La cession de titres de société ne fait l'objet d'aucune mesure législative particulière et la détermination du "juste prix" est un exercice compliqué ; il est donc essentiel de compléter la cession par des actes de garantie.
Le fondement juridique de cette garantie est multiple :
- C'est une " convention " ; cela n'a aucun caractère obligatoire, et confère à son rédacteur une grande latitude quant à son contenu ;
- C'est une convention adossée à des comptes de référence ; elle est en relation avec les comptes sociaux, puisque l'objet est la cession de titres d'une société ;
- C'est une convention accessoire ; elle ne peut pas être détachée du contrat principal, qui est l'acte de cession proprement dit.
Cette garantie peut revêtir plusieurs formes :
- Une garantie de passif (stricto sensu) visant à garantir l'acquéreur de tout nouveau passif, dont l'origine est antérieure à la cession ;
- Une garantie d'actif net visant à garantir l'acquéreur d'un montant minimum d'actif net ;
- Une garantie de bilan visant à garantir l'acquéreur contre d'une part toute baisse d'actif, et d'autre part toute hausse de passif ;
- Une garantie de valeur conduisant soit à indemniser l'acquéreur (en lui restituant une fraction du prix), soit au contraire à majorer le prix payé au cédant (par exemple si la rentabilité est supérieure à celle escomptée, un complément de prix peut lui être du).
Cette forme de garantie est la plus difficile à rédiger, et requiert l'expertise de nombreux professionnels.
S'agissant d'une convention, la garantie fera l'objet d'un écrit, qui comportera un certain nombre d'informations, telles que :
- des déclarations sur la société, ses actifs et passifs, ses contrats, ses salariés, son activité,
- des déclarations spécifiques à l'objet garanti : comptes, consistance des actifs.
- une affirmation de sincérité, essentielle pour garantir l'exactitude des déclarations.
Cette garantie est en général donnée pour une période déterminée
Le vendeur la souhaite la plus courte possible et l'acquéreur la plus longue possible.
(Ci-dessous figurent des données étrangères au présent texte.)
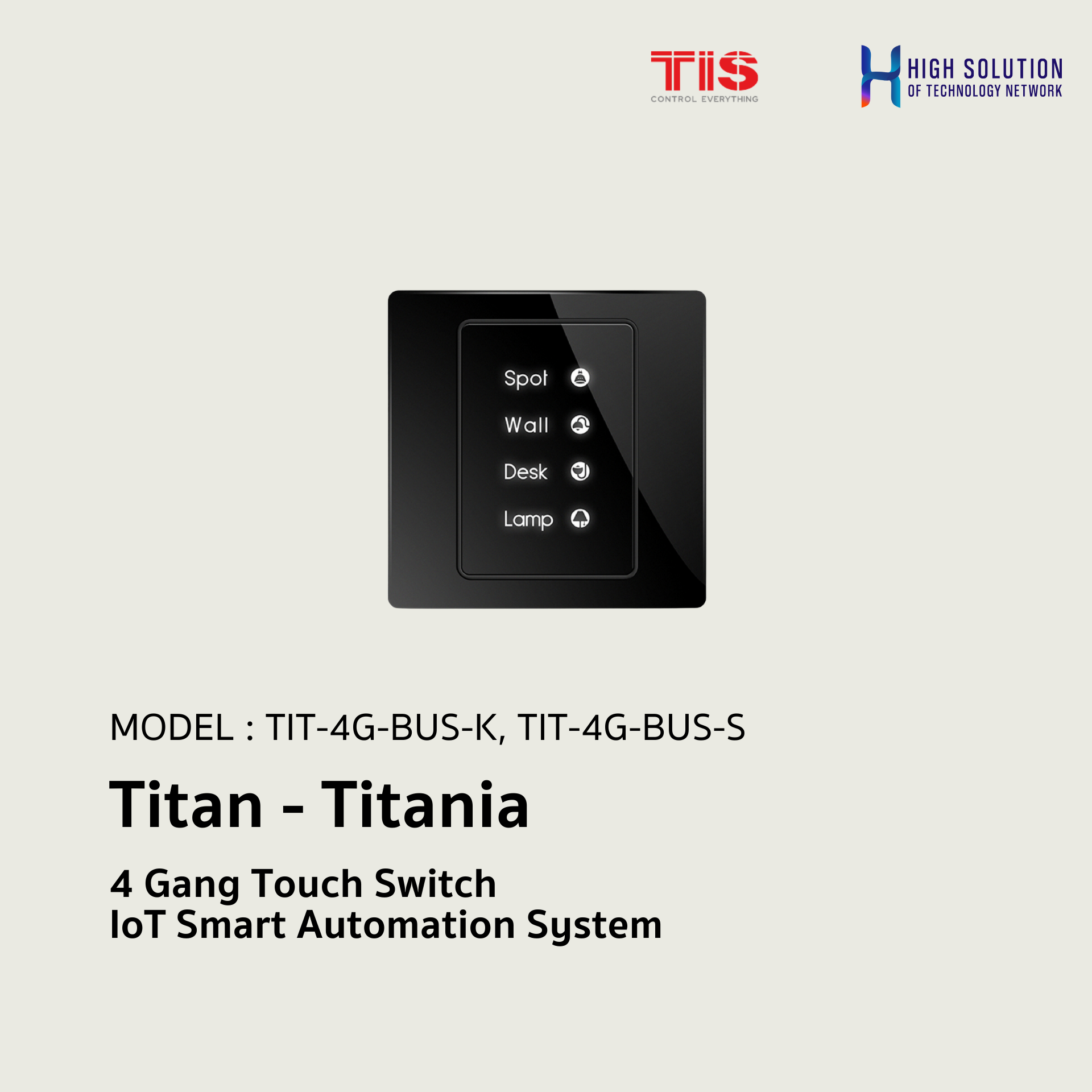 TIT-4G-BUS-K, TIT-4G-BUS-S, TIS, Titan - Titania 4 Gang Touch Switch - IoT Smart Automation System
C'est pourquoi la durée de la garantie est souvent calquée sur celle de la prescription applicable selon le sujet (fiscale, sociale).
L'acquéreur qui aura, du fait de la signature de l'acte de cession des titres, pris en main le contrôle de la société, et sera donc seul à même de prendre les décisions, devrait associer le vendeur à celles-ci, pour prévenir toute discussion ultérieure.
De même, dans l'hypothèse où la mise en jeu de la garantie pourrait conduire à la résolution du contrat de cession, il est prudent de prévoir une obligation, à la charge de l'acquéreur, pendant toute la durée de la période au cours de laquelle la garantie peut être mise en place, de maintien du patrimoine de la société ; il doit en effet pouvoir restituer le bien.
Les modalités de la mise en jeu de la garantie devront être déterminées, toujours conventionnellement, dans le contrat de garantie en lui-même. On doit prévoir les modalités de notification (lettre recommandée avec accusée réception).
Le contrat de garantie mis en place, il en résultera une diminution du prix, éventuellement des dommages-intérêts. Dans certains cas, la garantie est une condition essentielle et déterminante de la conclusion du contrat de cession, qui pourrait conduire l'acquéreur à demander la résolution du contrat de cession si la garantie n'était pas exécutée ; pour éviter cette remise en cause, le vendeur pourrait fournir une "garantie de la garantie", délivrée par une société solvable (holding ou établissement financier).